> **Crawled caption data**
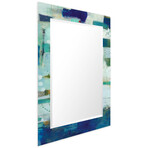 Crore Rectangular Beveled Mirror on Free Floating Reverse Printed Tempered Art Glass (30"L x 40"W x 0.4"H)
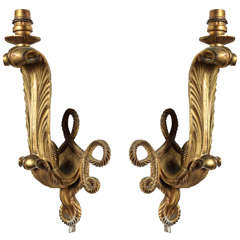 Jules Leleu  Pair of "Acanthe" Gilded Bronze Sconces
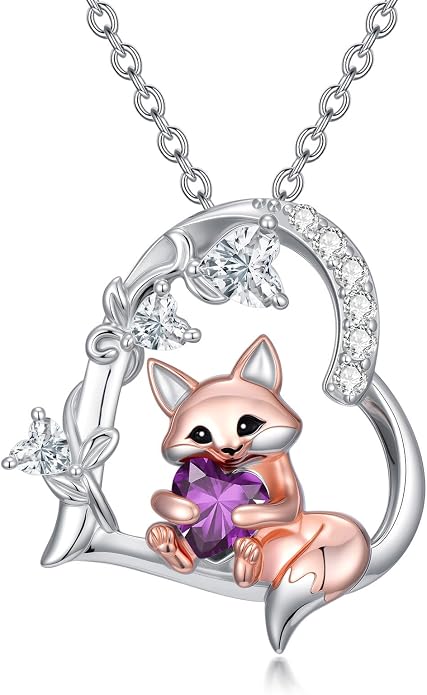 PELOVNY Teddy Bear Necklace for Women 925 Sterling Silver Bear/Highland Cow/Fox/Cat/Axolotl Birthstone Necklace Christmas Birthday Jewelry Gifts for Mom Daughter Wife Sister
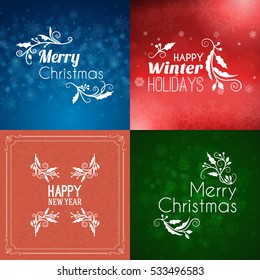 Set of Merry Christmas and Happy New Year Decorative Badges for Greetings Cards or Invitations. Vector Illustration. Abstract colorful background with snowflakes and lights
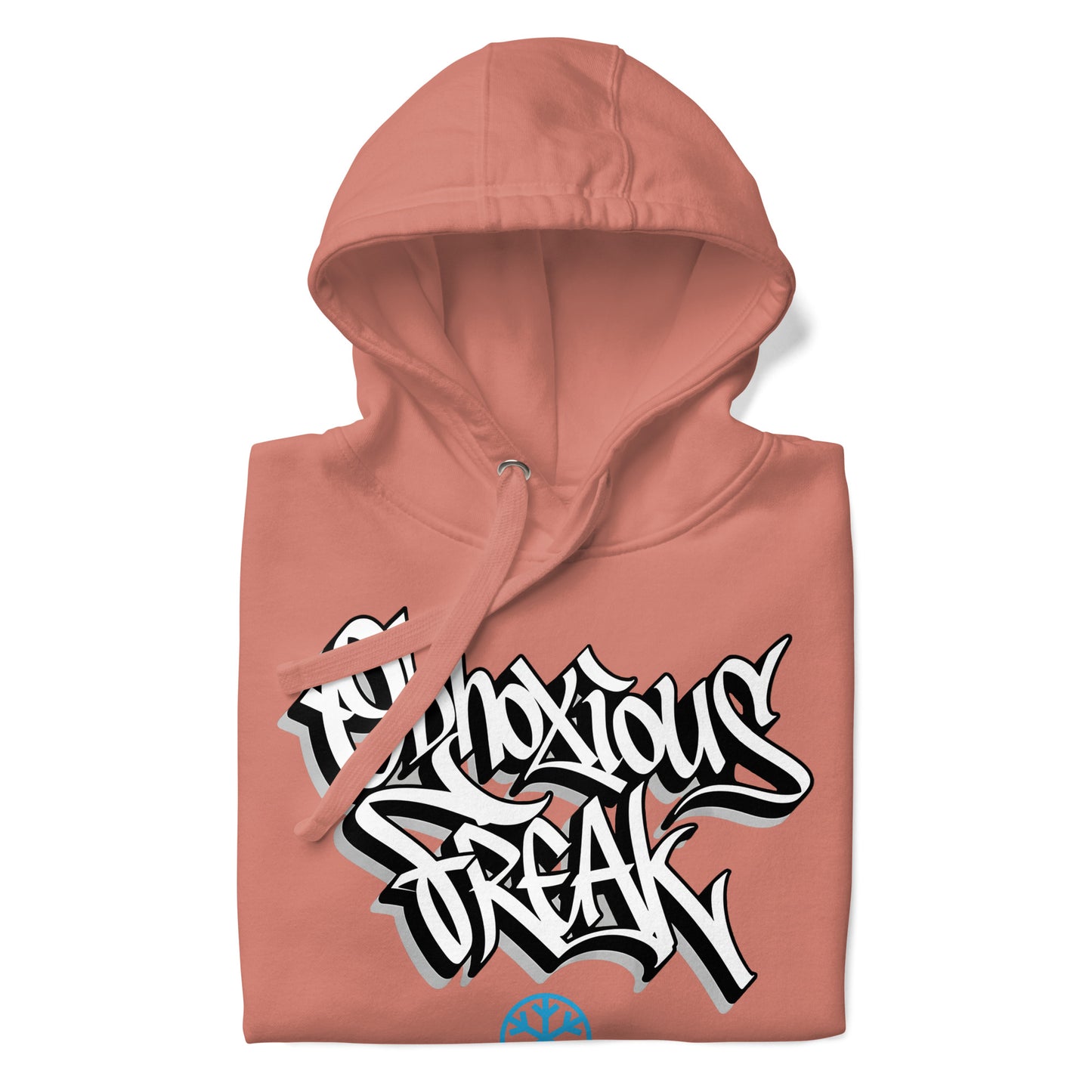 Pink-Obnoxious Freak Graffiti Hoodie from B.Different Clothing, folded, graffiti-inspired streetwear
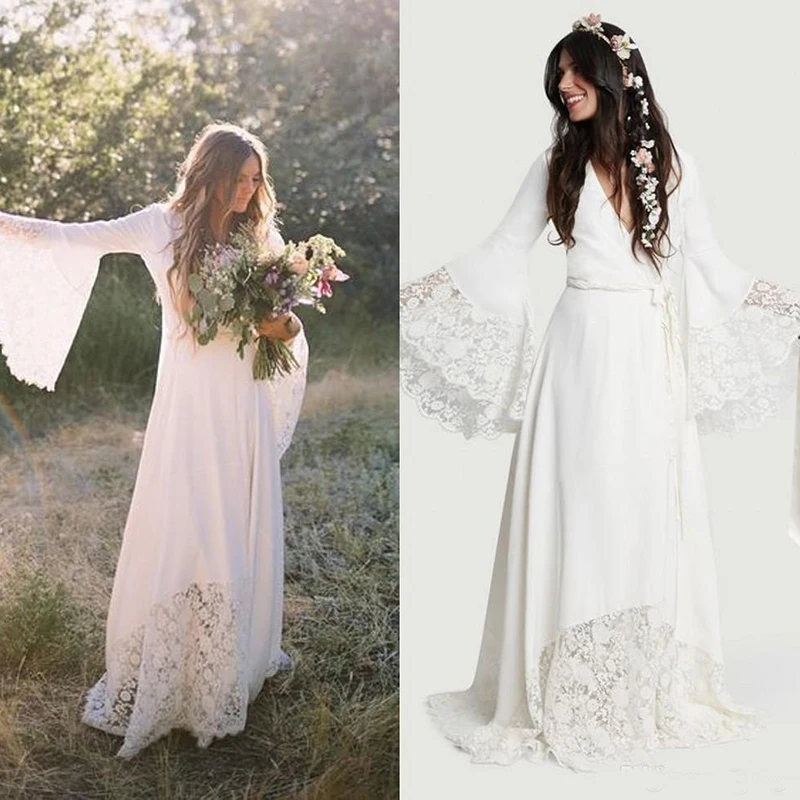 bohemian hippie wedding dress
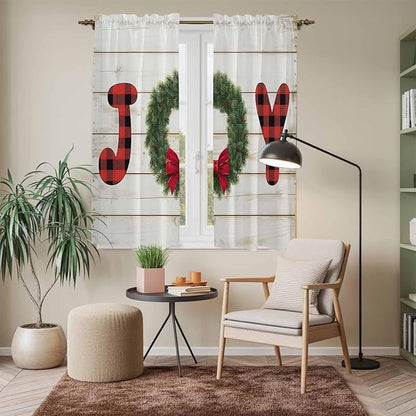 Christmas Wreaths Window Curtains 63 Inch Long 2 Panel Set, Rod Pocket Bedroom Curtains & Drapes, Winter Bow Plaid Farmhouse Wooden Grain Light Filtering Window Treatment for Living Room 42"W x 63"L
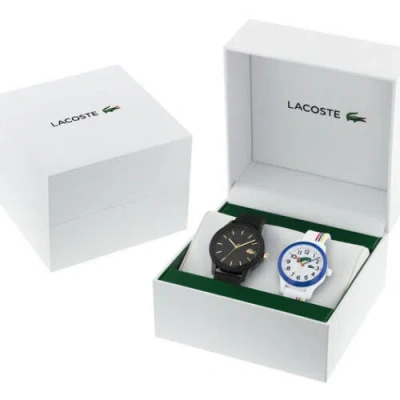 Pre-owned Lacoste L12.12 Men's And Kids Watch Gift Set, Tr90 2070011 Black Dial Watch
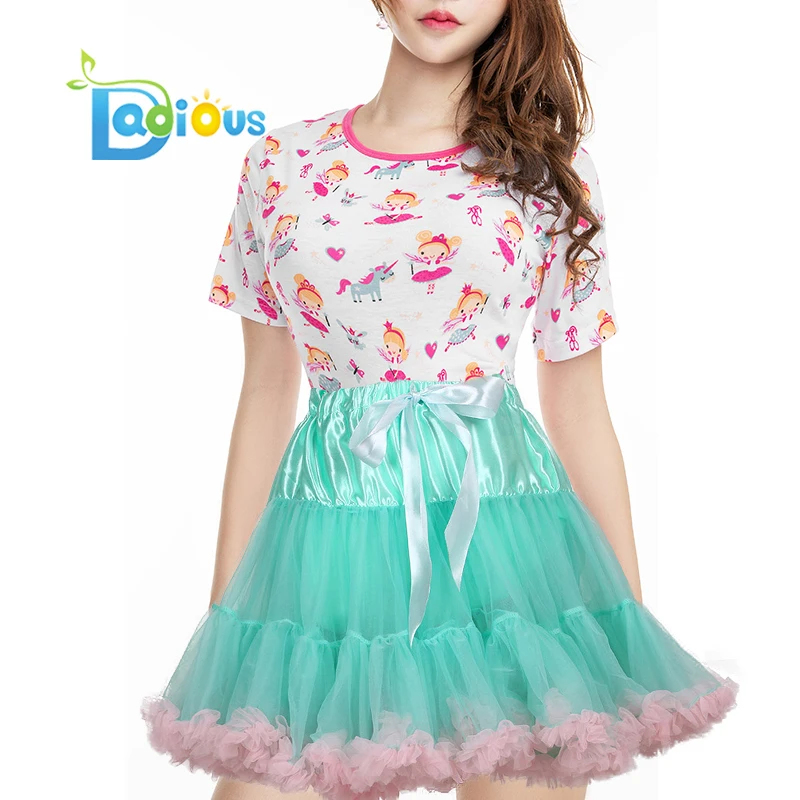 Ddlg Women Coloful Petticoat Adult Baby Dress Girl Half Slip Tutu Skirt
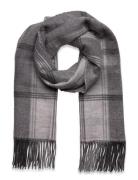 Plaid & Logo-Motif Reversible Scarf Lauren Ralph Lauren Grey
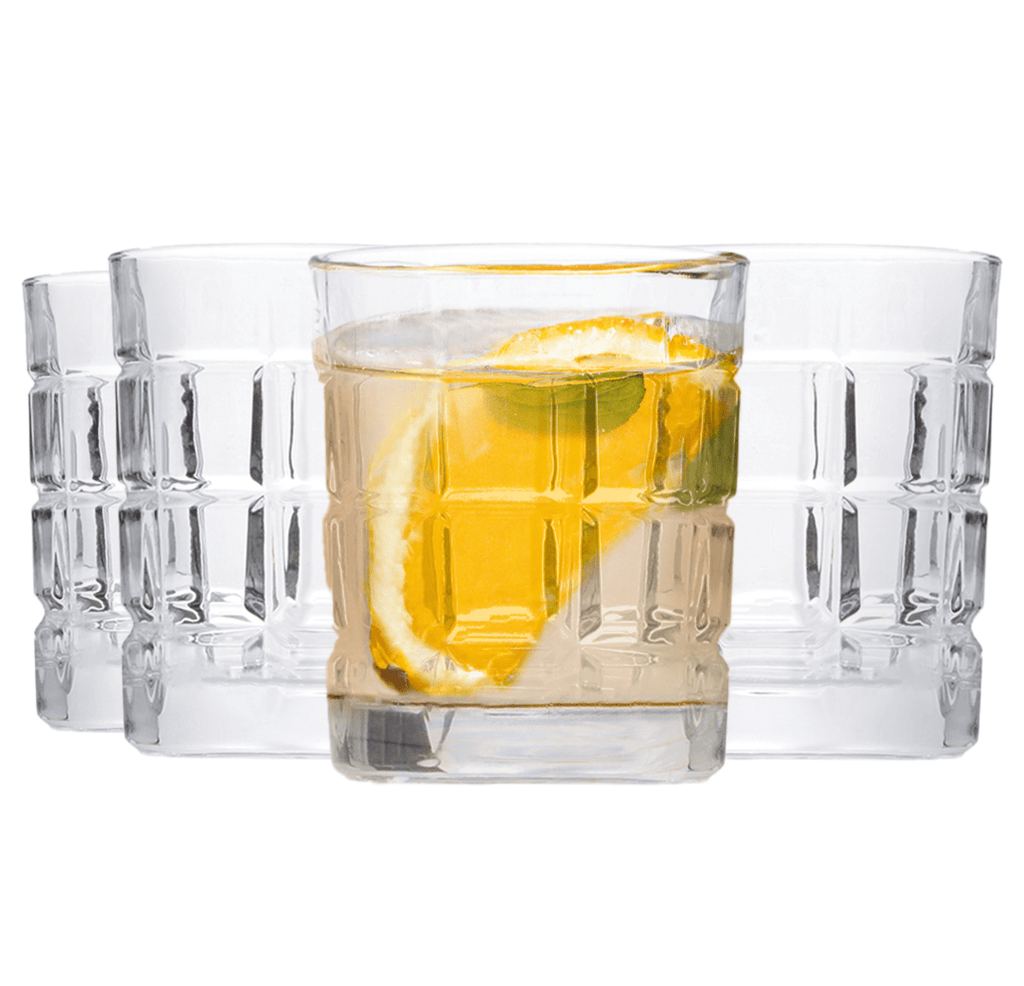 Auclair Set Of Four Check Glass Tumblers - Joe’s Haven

> **Prompt**
Starting with the line that holds "Plaid & Logo-Motif", return each line exactly through the final line of the entries above; pictures are not part of the output.

> **Response to this task**
 Plaid & Logo-Motif Reversible Scarf Lauren Ralph Lauren Grey
 Auclair Set Of Four Check Glass Tumblers - Joe’s Haven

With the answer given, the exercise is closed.